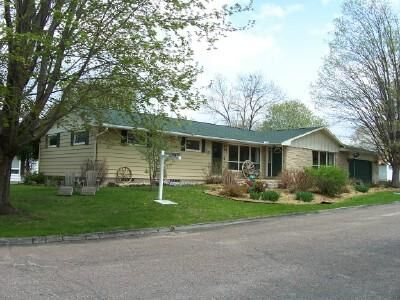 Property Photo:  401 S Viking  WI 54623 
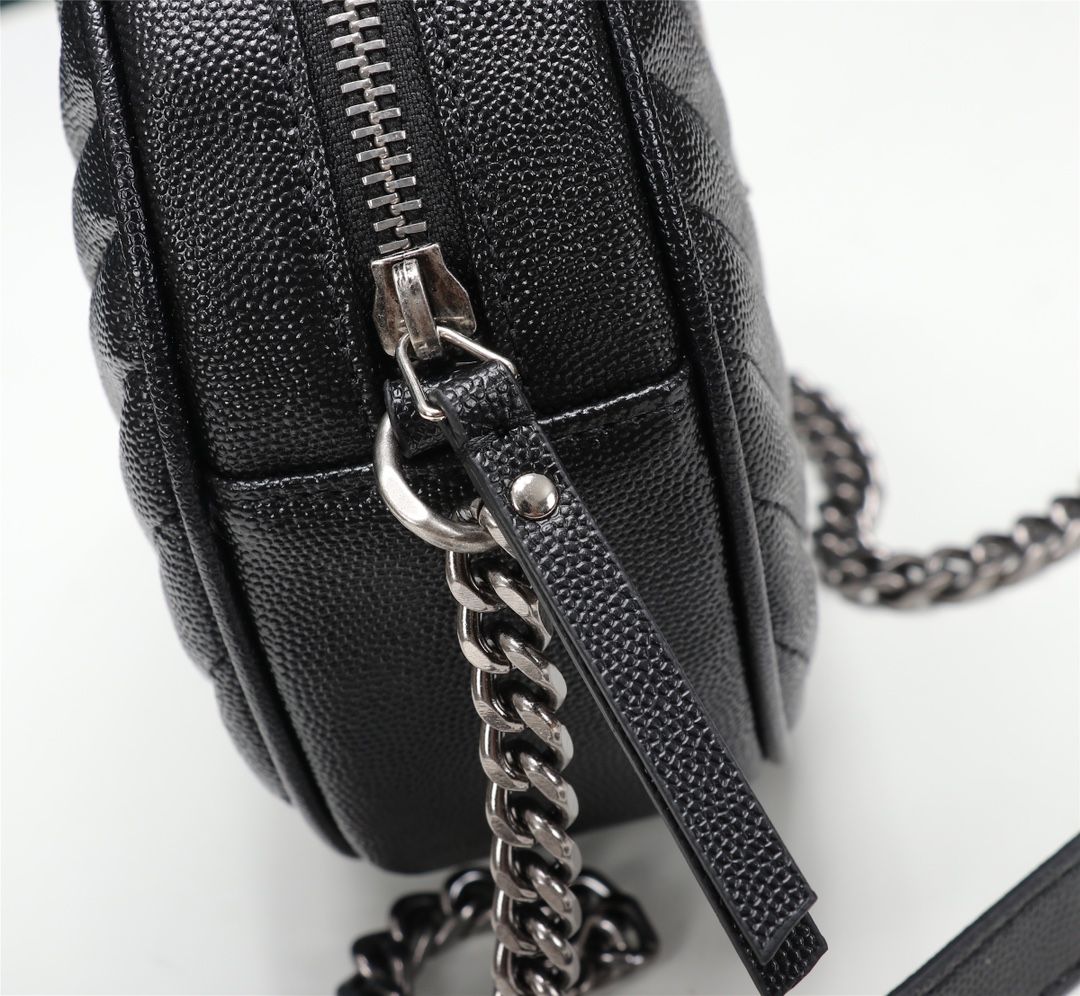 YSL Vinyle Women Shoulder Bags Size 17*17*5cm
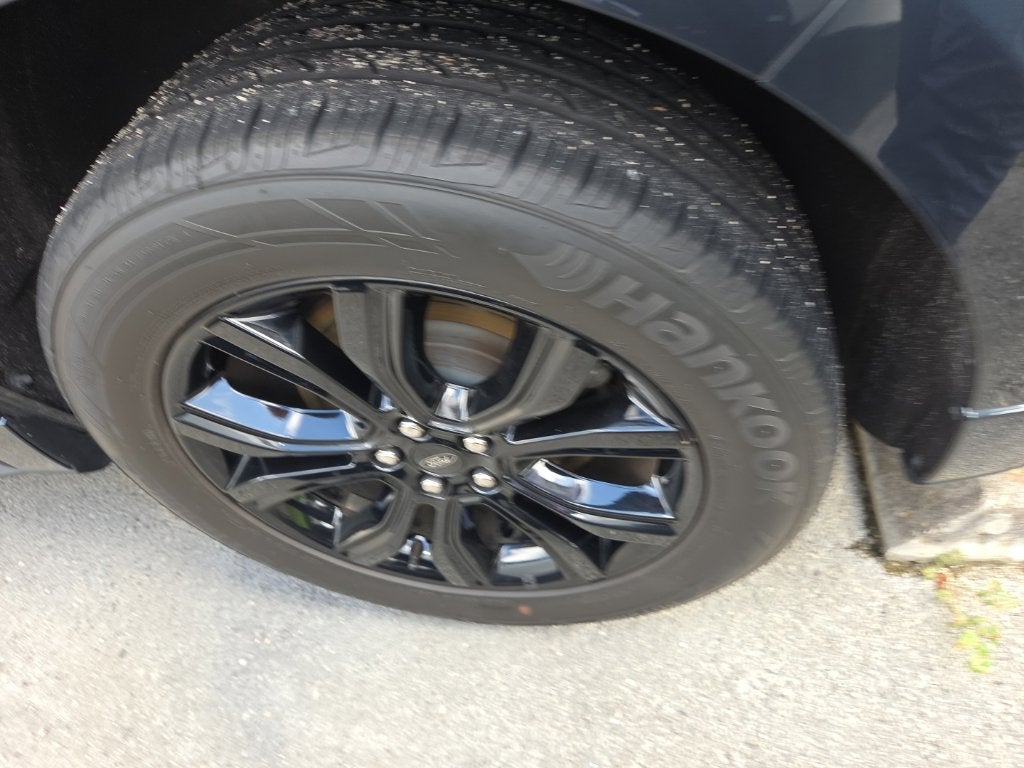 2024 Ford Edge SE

━━━━━━━━━━━━━━━━━━━━

**Required work:** Skip the pictures. Return exactly the lines from the one containing "YSL Vinyle Women" through the end of the data above, both included, and nothing besides.

**Solution to this problem:**
 YSL Vinyle Women Shoulder Bags Size 17*17*5cm
 2024 Ford Edge SE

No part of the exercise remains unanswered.